Exhibit 10.19
VIRACTA THERAPEUTICS, INC.
EXECUTIVE EMPLOYMENT AGREEMENT
This Executive Employment Agreement (this “Agreement”) is entered into as of July 29, 2019, (the “Effective Date”) by and between Viracta Therapeutics, Inc. (the “Company”), and Daniel R. Chevallard, CPA (“Executive”).
1. Duties and Scope of Employment.
(a) Positions and Duties. As of the Effective Date, Executive will serve as Chief Financial Officer of the Company. Executive will render such business and professional services in the performance of Executive’s duties, consistent with Executive’s position within the Company, as will reasonably be assigned to Executive by the Company’s Chief Executive Officer (the “CEO”) or Board of Directors (the “Board”). The period of Executive’s employment under this Agreement is referred to herein as the “Employment Term.”
(b) Obligations. During the Employment Term, Executive shall perform Executive’s duties faithfully and to the best of Executive’s ability and shall devote substantially all of Executive’s business efforts and time to the Company. For the duration of the Employment Term, Executive agrees not to actively engage in any other employment, occupation or consulting activity for any direct or indirect remuneration which would conflict or interfere with the performance of such services without the prior approval of the CEO or the Board.
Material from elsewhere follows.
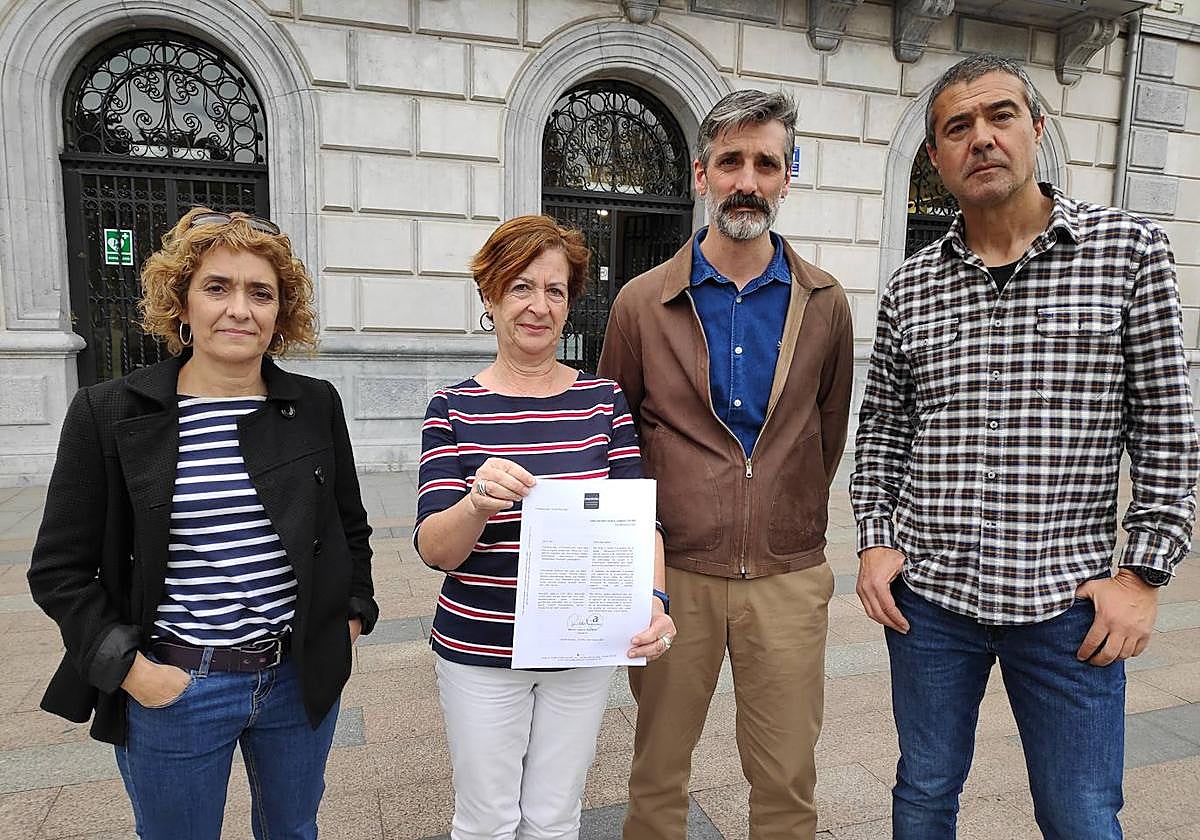 Los concejales de EH Bildu muestran la resolución del Ararteko ante el Ayuntamiento de Santurtzi.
2. At-Will Employment. The parties agree that Executive’s employment with the Company will be “at-will” employment and may be terminated at any time with or without cause or notice. Executive understands and agrees that neither Executive’s job performance nor promotions, commendations, bonuses or the like from the Company give rise to or in any way serve as the basis for modification, amendment, or extension, by implication or otherwise, of Executive’s employment with the Company. However, as described in this Agreement, Executive may be entitled to severance benefits depending on the circumstances of Executive’s termination of employment with the Company.
3. Compensation.
(a) Base Compensation. During the Employment Term, the Company will pay Executive an annual salary of $330,000, less applicable withholdings, as compensation for Executive’s services (the “Base Salary”). Executive’s salary will be subject to review and adjustments may be made in the Company’s sole discretion. When the Company’s stock is registered with the U.S. Securities and Exchange Commission and begins to trade on a public stock exchange, Executive’s annual salary will increase to a minimum of $340,000, less applicable withholdings.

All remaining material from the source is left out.